The EU, ECB and the IMF believe they have a second bailout formula in place, but acceptance won’t come for another month and it is possible it won’t come at all. That is if German, Dutch and Finnish citizens have anything to say about it. From Greece we are told hordes of experts are invading Greece to put values on Greek properties illegally put up as collateral secretly for the first bailout. It is a fire sale of Greek assets in the making as their country is stolen out from underneath them. At the same time 100,000 taxi drivers are demonstrating countrywide, because government wants to strip them of their licenses, so that foreign operators can enter the country and take over the businesses.

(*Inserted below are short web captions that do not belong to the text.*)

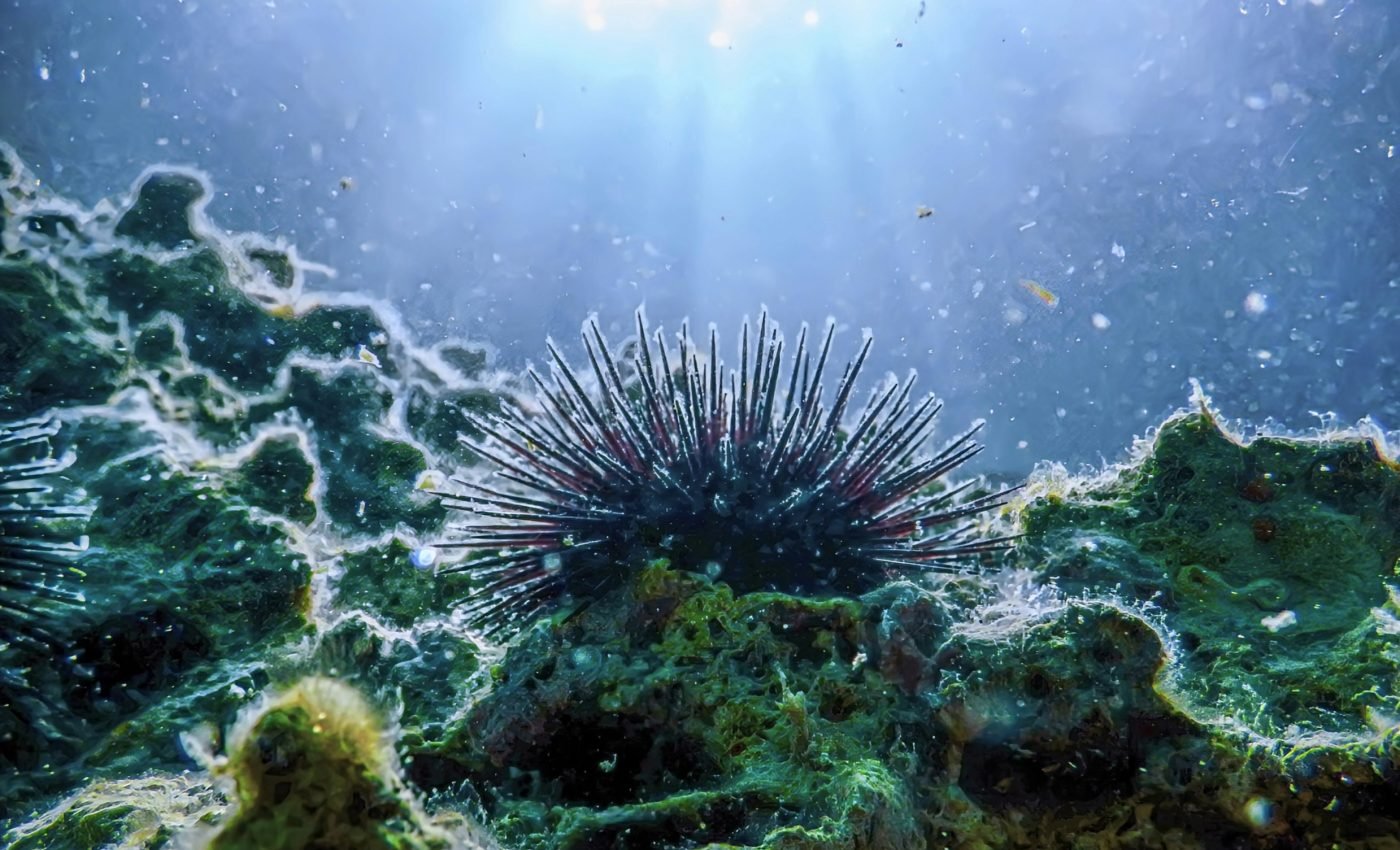 What caused marine mass extinctions millions of years ago?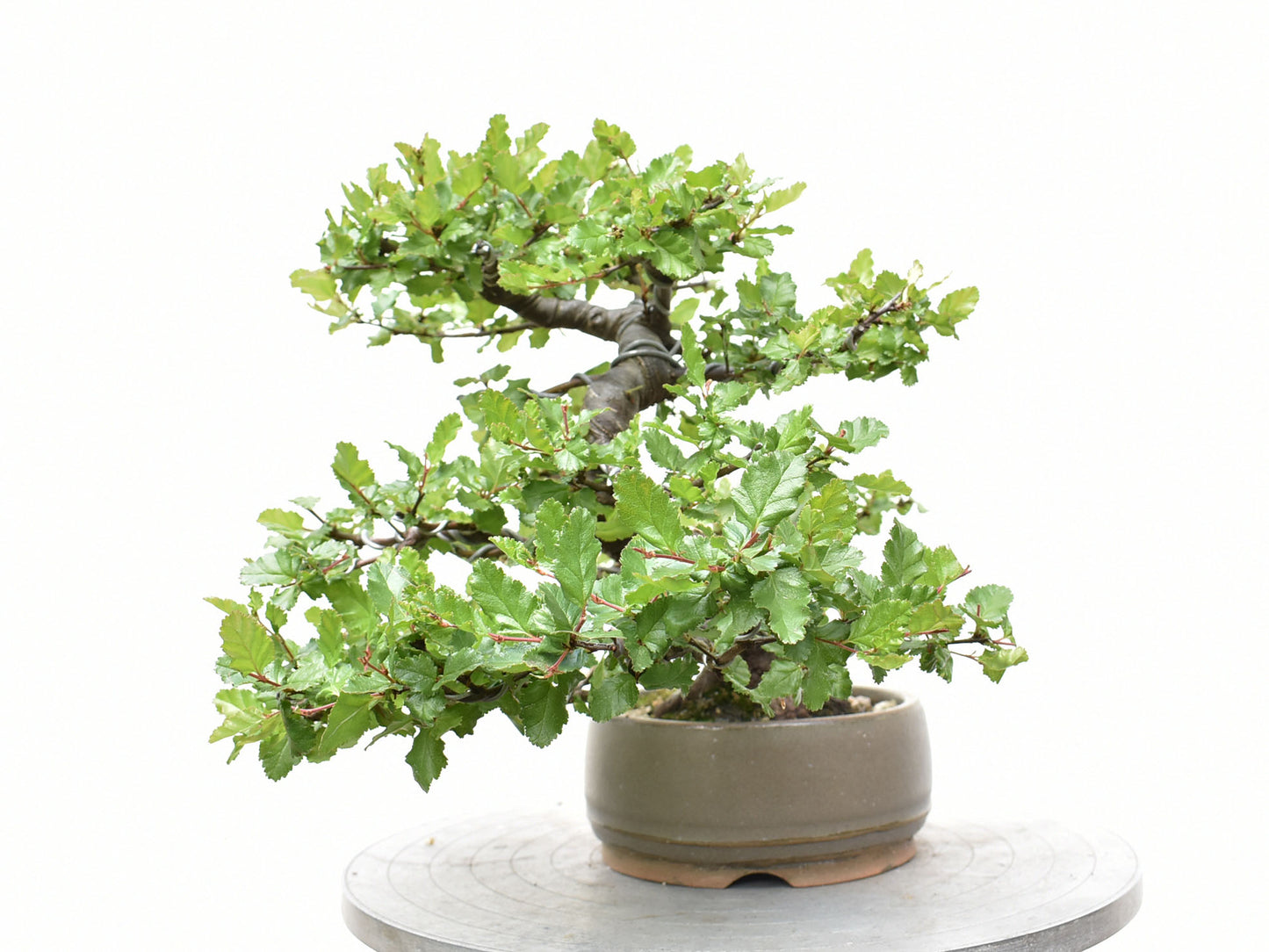 ÑIRE (Nothofagus Antarctica)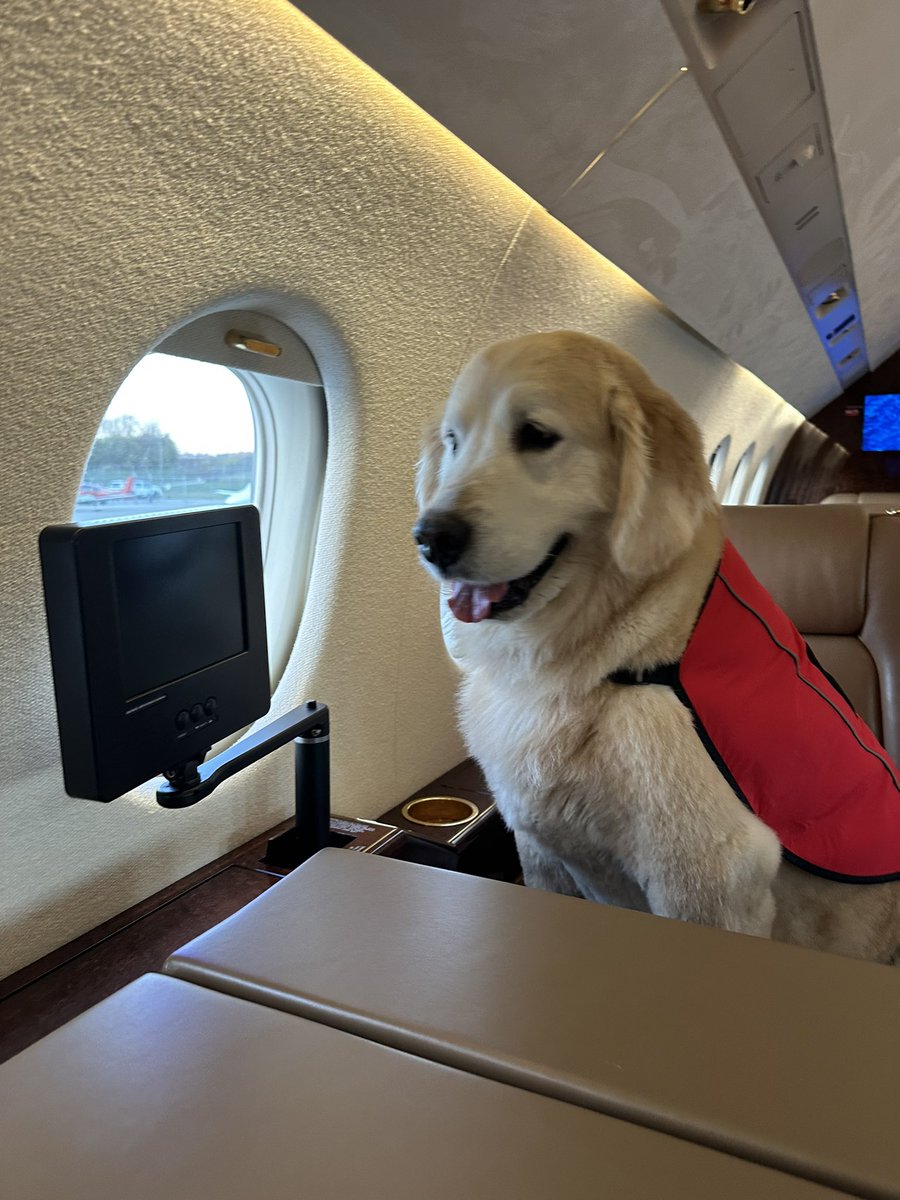 Uh oh. He’s back and he’s officially an ESA animal now. Actually has been that for me for 9 years but he’s official now. So lucky to have him by my side this week. Headed to the Windy City! #BigBen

Thus far the Fed has been successful in keeping the wolves at bay, but for how long and at what cost. They cannot do what they are doing forever. Higher inflation is nipping at their heels and it is growing exponentially. Underlying creditworthiness comes under scrutiny every day. Everyone involved knows the system is dysfunctional and all are hoping the system does not disconnect. Sooner or later it must fail, as debt overwhelms monetary creation. Those who want safety from these machinations have one place to turn to and that is gold and silver related assets. If you do not move to protect yourself now there may be little or nothing to protect in the future.